● WHAT IS BEING ASKED: In the records below, the relevant part opens with the line containing "Small Fish Market" and closes with the line containing "Marks & Spencer"; print that part exactly and only, without its pictures.

● EXTRACTED MATERIAL:
- - - - -
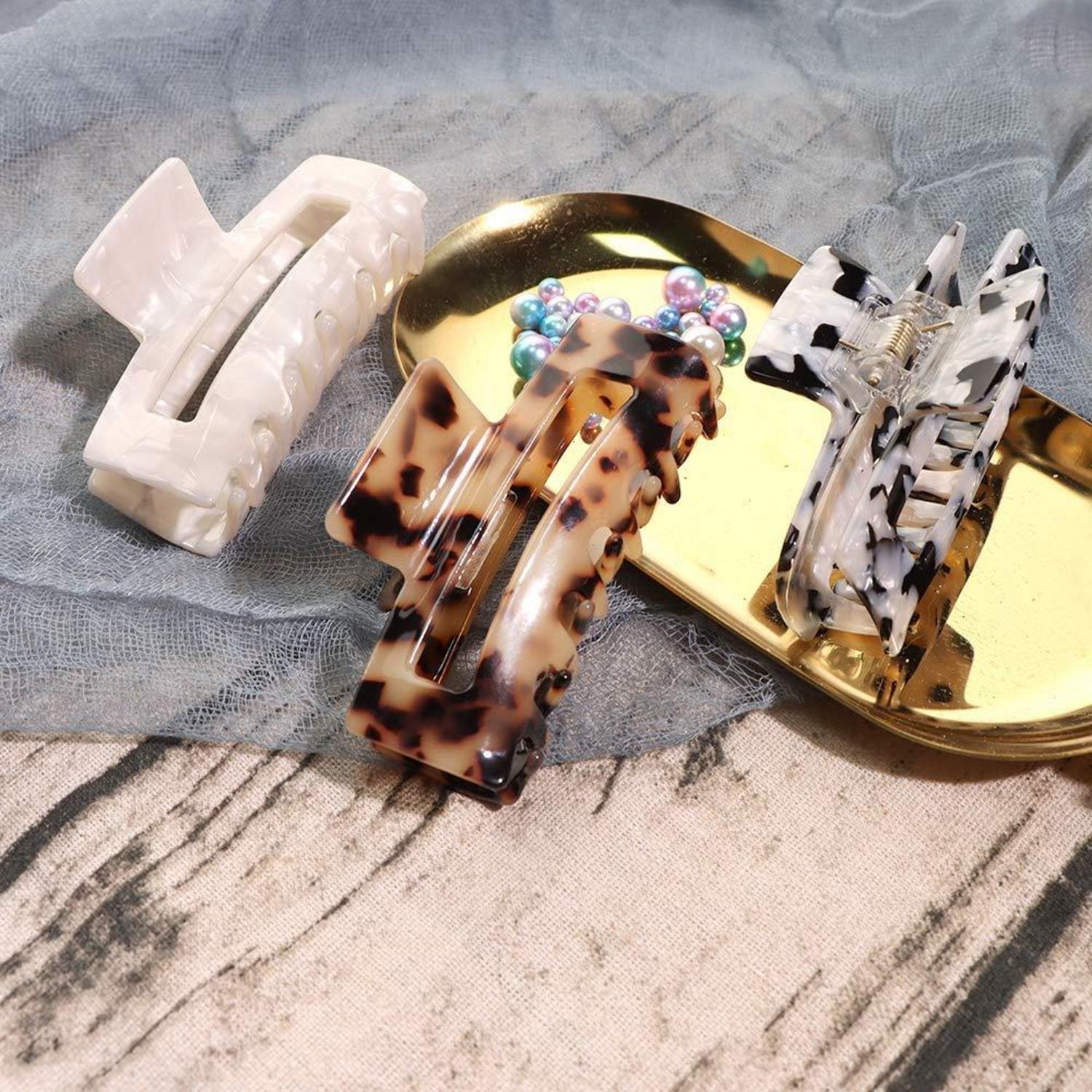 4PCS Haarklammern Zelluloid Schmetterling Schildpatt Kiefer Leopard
- - - - -
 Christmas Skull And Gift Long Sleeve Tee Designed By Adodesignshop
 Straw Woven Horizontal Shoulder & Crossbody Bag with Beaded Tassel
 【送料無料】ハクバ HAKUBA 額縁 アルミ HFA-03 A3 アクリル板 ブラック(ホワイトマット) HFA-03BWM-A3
- - - - -
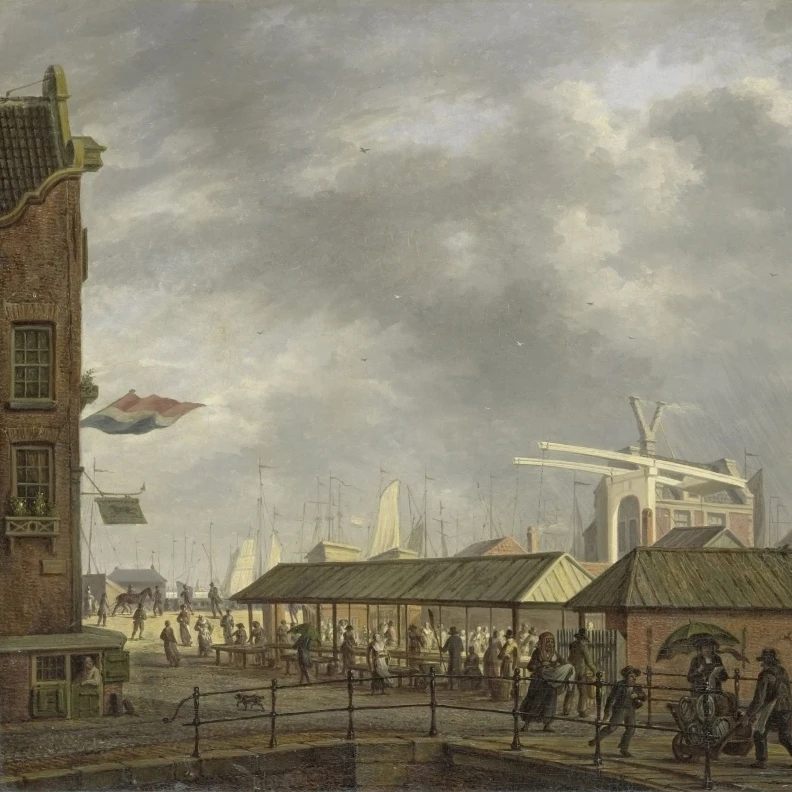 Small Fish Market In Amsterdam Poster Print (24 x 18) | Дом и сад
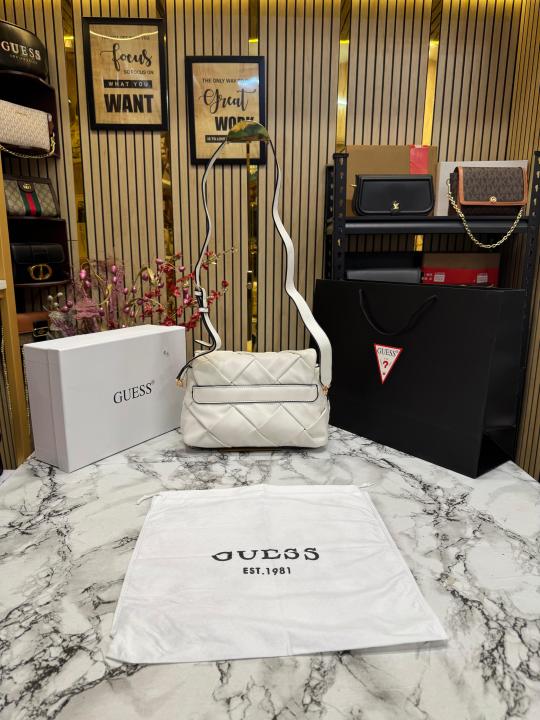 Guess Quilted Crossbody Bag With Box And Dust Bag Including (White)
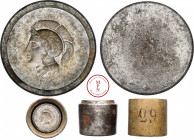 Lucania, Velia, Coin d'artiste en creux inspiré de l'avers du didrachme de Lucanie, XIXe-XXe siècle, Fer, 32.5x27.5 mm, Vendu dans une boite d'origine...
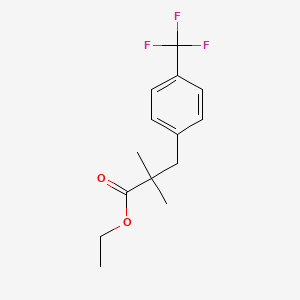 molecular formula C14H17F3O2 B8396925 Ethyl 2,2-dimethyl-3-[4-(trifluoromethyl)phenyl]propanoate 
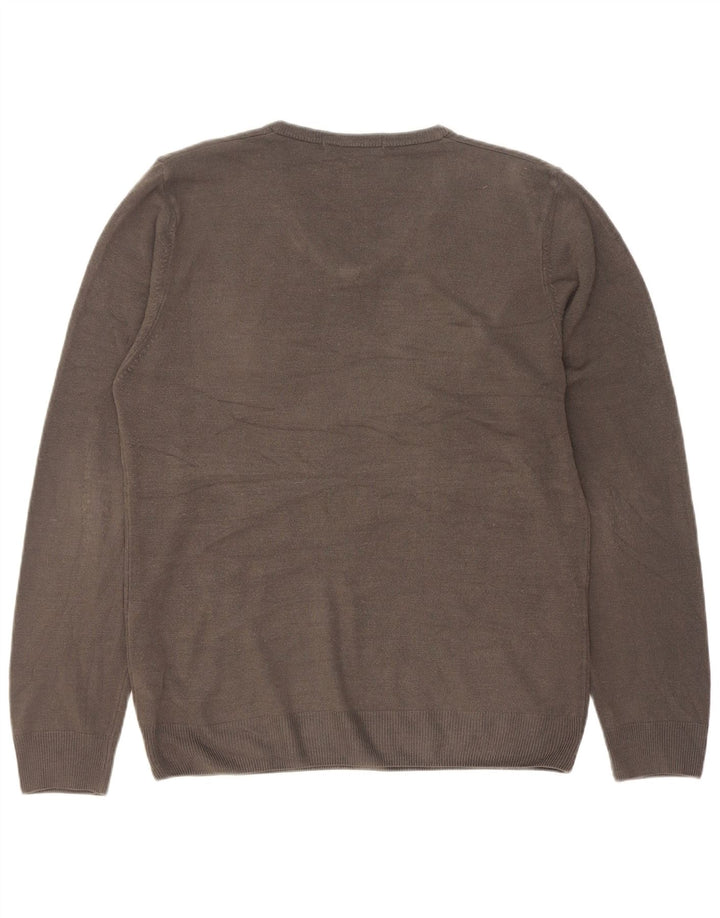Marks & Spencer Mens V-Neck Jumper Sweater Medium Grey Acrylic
- - - - -
● RESULT BELOW:
 Small Fish Market In Amsterdam Poster Print (24 x 18) | Дом и сад
 Guess Quilted Crossbody Bag With Box And Dust Bag Including (White)
 Lucania, Velia, Coin d'artiste en creux inspiré de l'avers du didrachme de Lucanie, XIXe-XXe siècle, Fer, 32.5x27.5 mm, Vendu dans une boite d'origine...
 molecular formula C14H17F3O2 B8396925 Ethyl 2,2-dimethyl-3-[4-(trifluoromethyl)phenyl]propanoate 
Marks & Spencer Mens V-Neck Jumper Sweater Medium Grey Acrylic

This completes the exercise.